BEGIN Data to examine
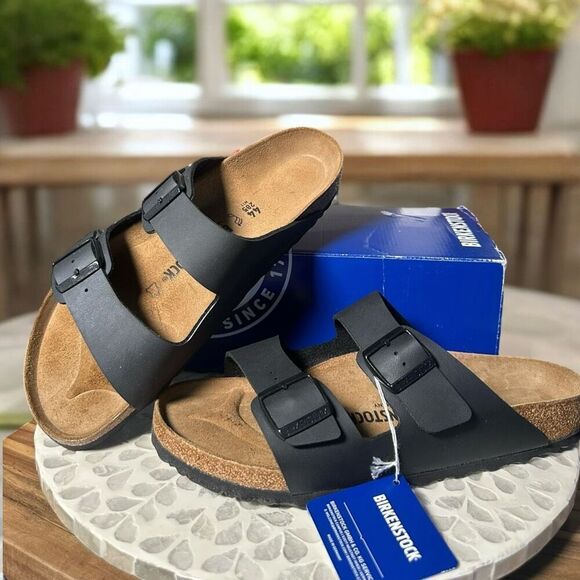 Birkenstock Arizona Regular Fit two Strap Sandal Slide Size 44 EU - Picture 7 of 12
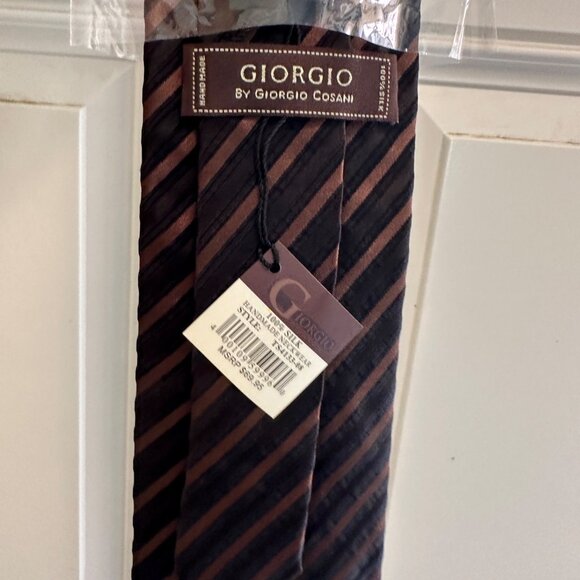 Giorgio Men's Handmade Tie Multicolor 100% Silk - Picture 3 of 6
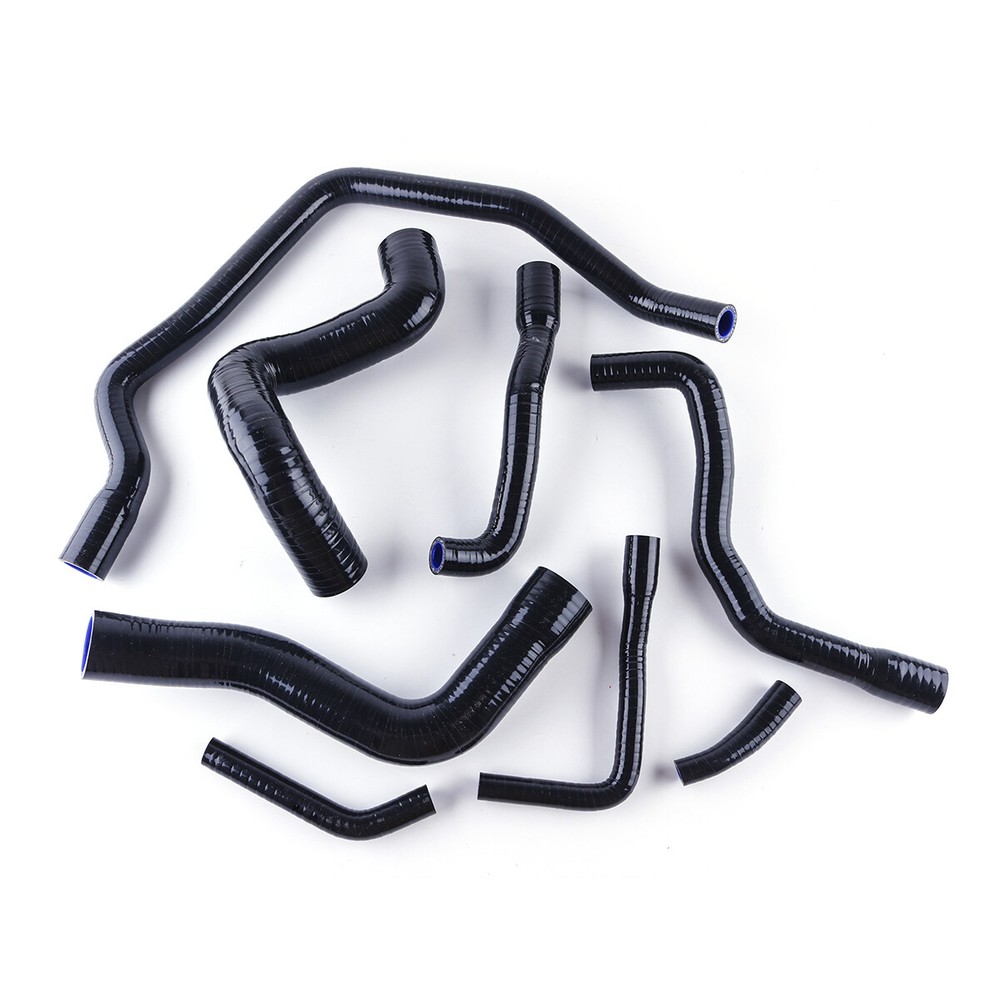 Black Silicone Radiator Hose Pipe For 1989-1995 BMW E34 525i 525ix 520i M30 M50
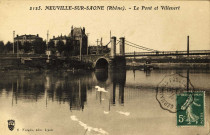 Neuville-sur-Saône. Le pont et Villevert.
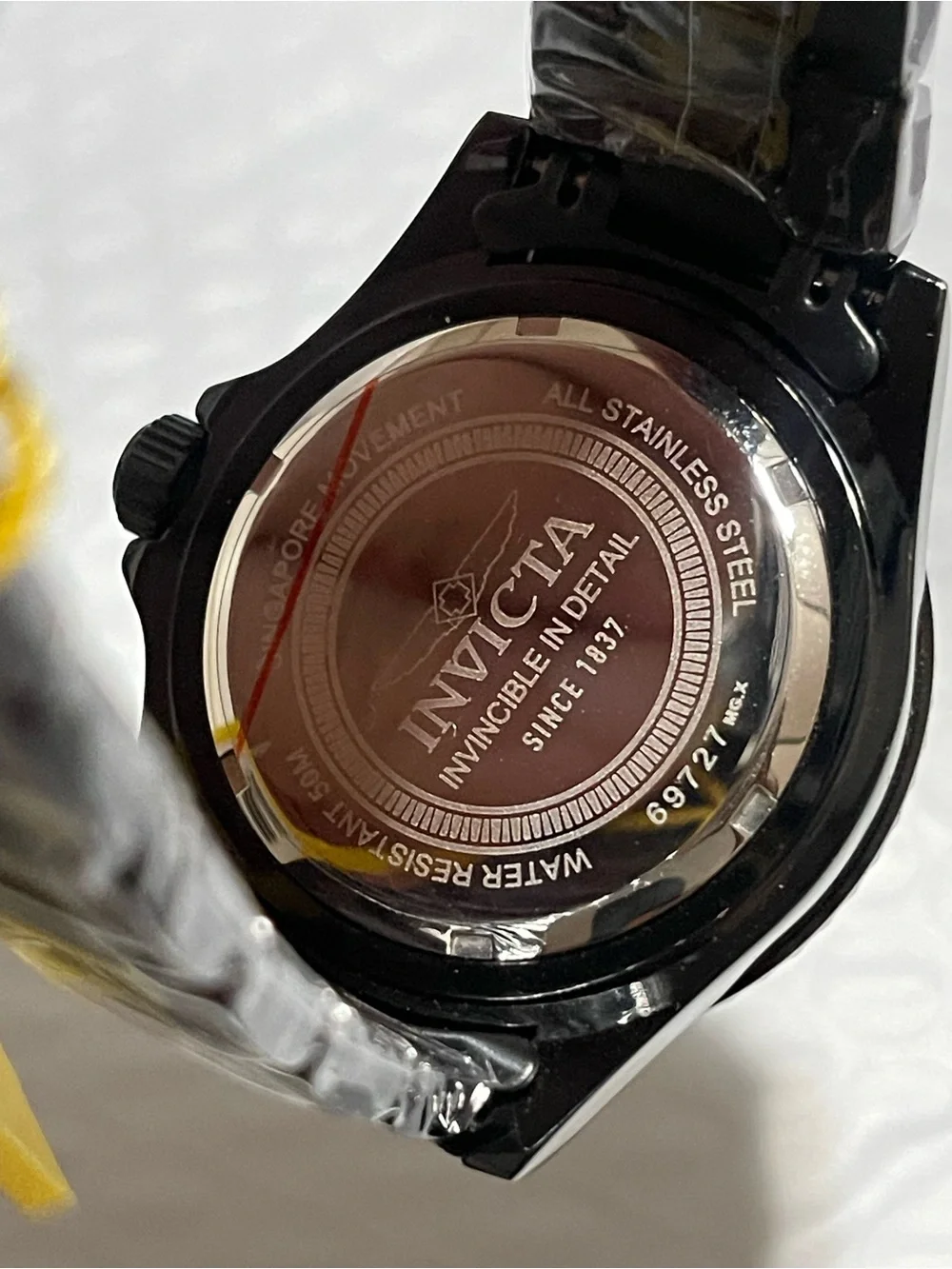 Invicta Specialty Velario Men's Watch - 41mm. Black X Black new
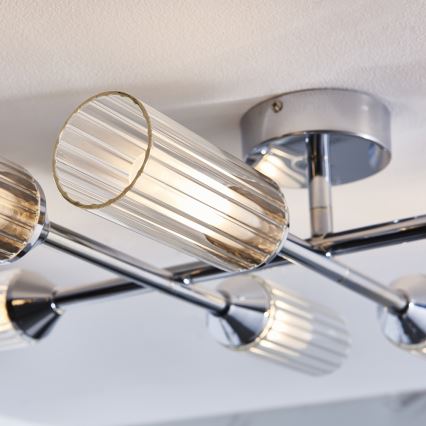 Endon 95045 - Kylpyhuoneen kiinteä kattokruunu NATORI 6xG9/3W/230V IP44 kiiltävä kromi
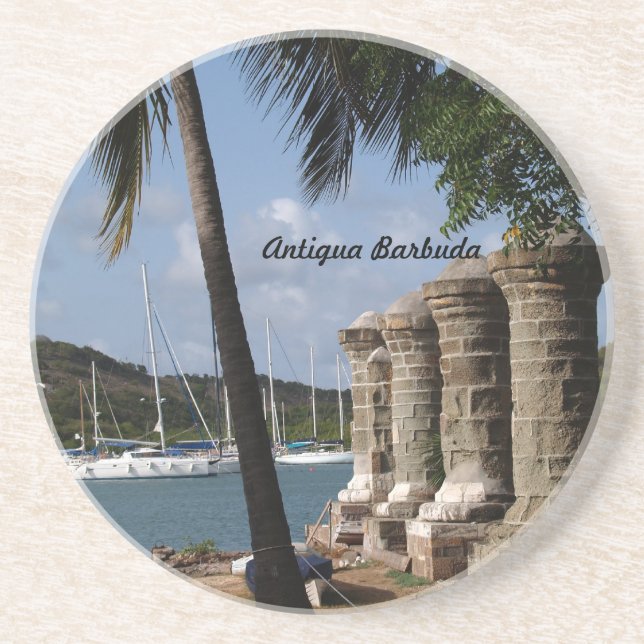 Antigua Barbuda Series--English Harbour Coaster (Front)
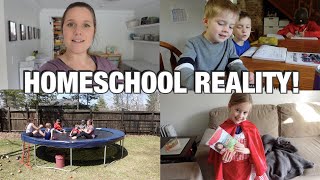 WHAT HOMESCHOOLING REALLY LOOKS LIKE  DAY IN THE LIFE [upl. by Maroney517]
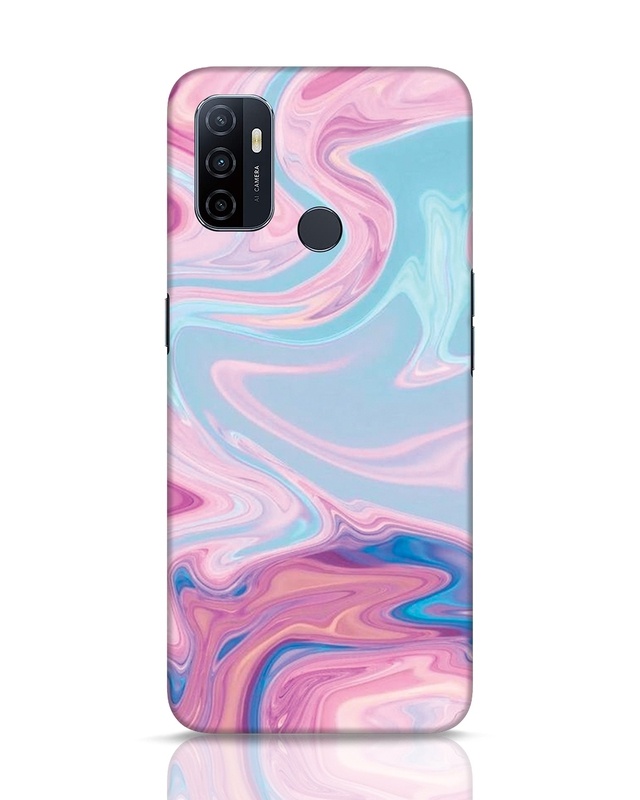 Shop Pink Marble Texture Designer Hard Cover for Oppo A53-Front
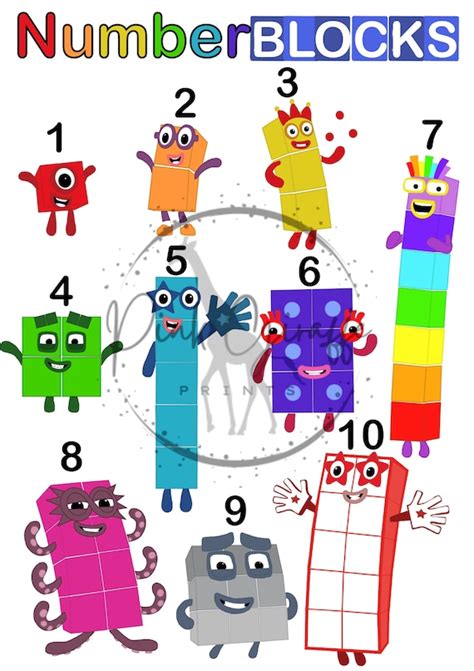 Numberblocks Learning 1 10 Poster For Kids Bedroom Or Playroom Etsy Uk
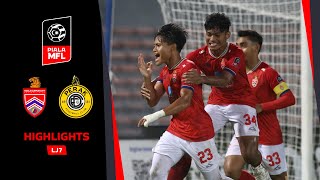 Kuala Lumpur City Extension 20 Perak FC II  LJ7  Highlights Piala MFL 2023 [upl. by Nihahs165]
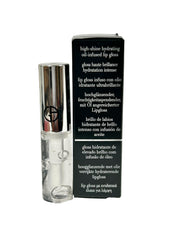 GIORGIO ARMANI Prisma Glass packaging close-up emphasizes premium design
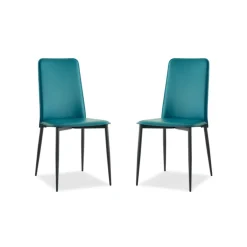 Ely A Chaise moderne en croûte de cuir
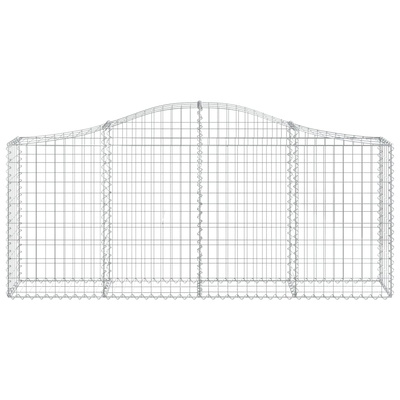 Kosze gabionowe, 20 szt, 200x30x80/100 cm, galwanizowane żelazo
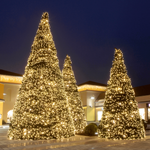 Árbol gigante sin iluminación, altura: 440 cm - 2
END Data to examine
Description of the task:
Leave the pictures out, and transcribe exactly the lines above starting at the one that contains "Endon 95045 - Kylpyhuoneen" and ending at the one that contains "Kuala Lumpur City".

Exercise response:
 Endon 95045 - Kylpyhuoneen kiinteä kattokruunu NATORI 6xG9/3W/230V IP44 kiiltävä kromi
 Antigua Barbuda Series--English Harbour Coaster (Front)
 WHAT HOMESCHOOLING REALLY LOOKS LIKE  DAY IN THE LIFE [upl. by Maroney517]
 Shop Pink Marble Texture Designer Hard Cover for Oppo A53-Front
 Numberblocks Learning 1 10 Poster For Kids Bedroom Or Playroom Etsy Uk
 Kuala Lumpur City Extension 20 Perak FC II  LJ7  Highlights Piala MFL 2023 [upl. by Nihahs165]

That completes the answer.